Financial Interest and Syndication Rules - Deficit Financing

Deficit Financing

Before the fin-syn rules, the networks attained greater control and less risk by forcing production companies to deficit finance their programs while also demanding a percentage of the syndication revenues. Deficit Financing is an arrangement in which the network pays the studio that makes a show a license fee in exchange for the right to air the show. The license fee is in exchange for the right to air an episode a few times (as a first- and re-run episode), and does not cover the complete cost of production. The studio remains in ownership of the show. Before the fin-syn rules were established, networks would put into practice "profit participation." Here, they gained greater control and avoided the risks by forcing the production companies to deficit finance their programs. Such practice led multiple production companies into financial hardships. Independent producers and those not signed with major working studios were hit the hardest because most of the profit revenue went to the networks. By the mid-1960s, Amanda D. Lotz explains that from profit participation, the networks gained as much as 91 percent of the programming revenue. That is when the government stepped in and got involved with the fin-syn rules in the 1970s.

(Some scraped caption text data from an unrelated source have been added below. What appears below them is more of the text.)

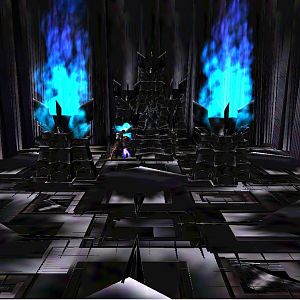 Zegaroths Throne 1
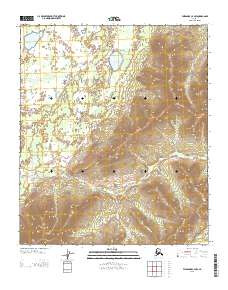 FAIRBANKS C-4 NW, AK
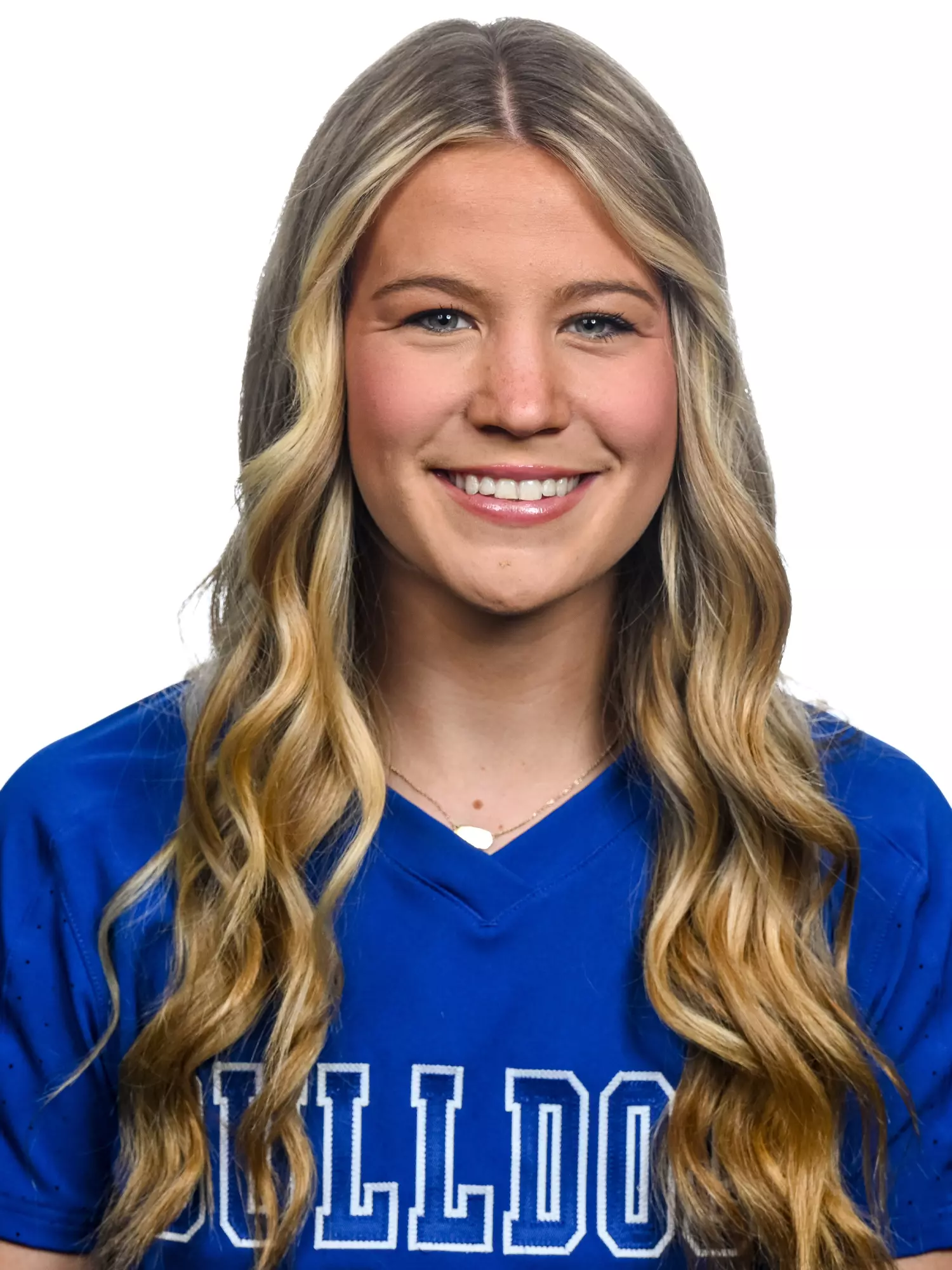 Miabella Collazo and Raegan Henderson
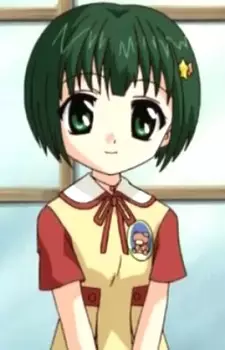 imagem de capa do personagem Mina Kotobuki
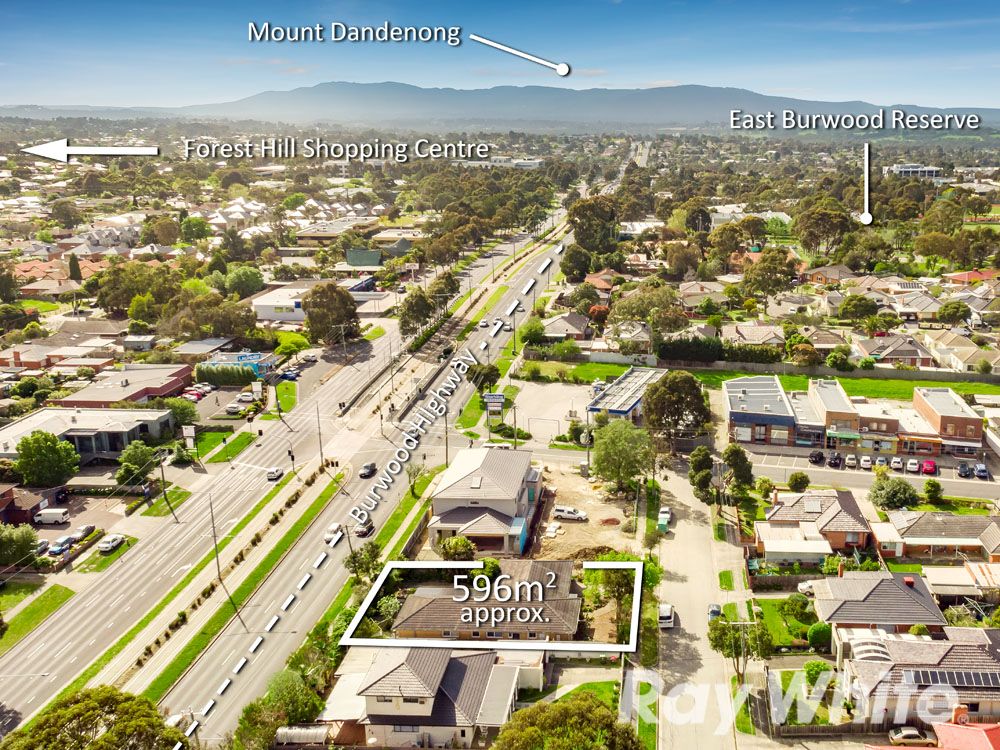 1 Redhill Avenue, Burwood East, VIC 3151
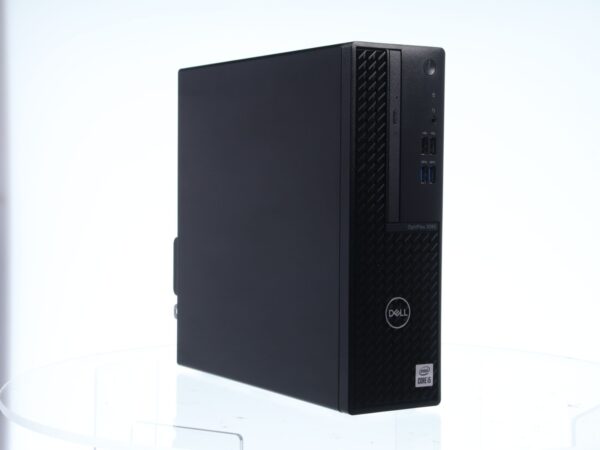 Dell Optiplex 5090 SFF Intel Core i5-10505 16GB RAM 256GB nVME Win 11 Pro W/ DVD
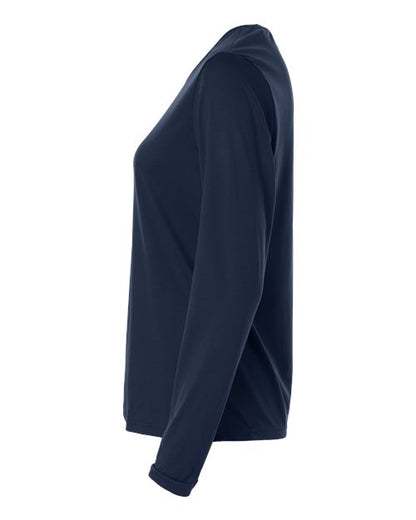 Adidas Women's Pregame Long Sleeve T-Shirt AT105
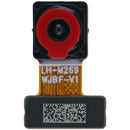 Cámara trasera original de 2MP para Samsung Galaxy A05s (A057, 2023), repuesto para reparación.
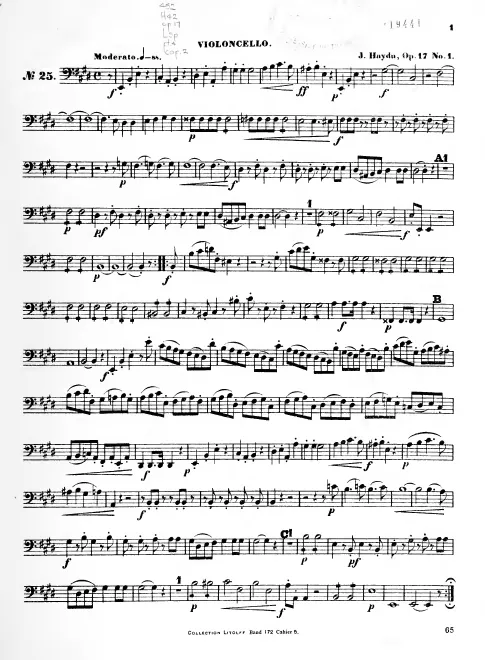 Cello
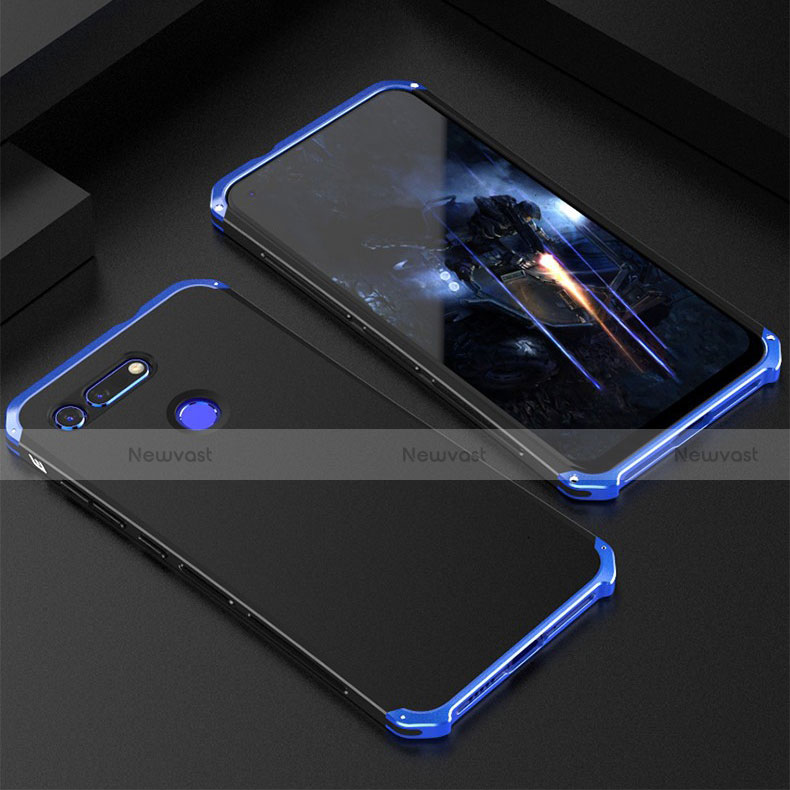 Luxury Aluminum Metal Cover Case T03 for Huawei Honor View 20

Deficit financing minimized the substantial risks and costs of developing programs for the networks while initially affording the studios considerable benefits as well. In successful cases, the studio receives a large return on its investment when it re-sells the show in a combination of syndication windows because the sales provide nearly pure profit: no additional work typically goes into the show and the network receives none of the payment. However, if the show is cancelled by the network before producing enough episodes to be syndicated, or if no syndication buyers want the show, the production company must absorb the difference between the cost of production and the original license fee, which can now amount to millions of dollars for each season.

As of 2004, most reality television producers think that deficit-financing will never fly because the vast majority of reality production companies are too small to wait long enough for the big payoff. Instead of syndication, producers have been covering gaps between license fees and rising production costs by selling shows' formats to foreign territories and developing integrated marketing deals with advertisers.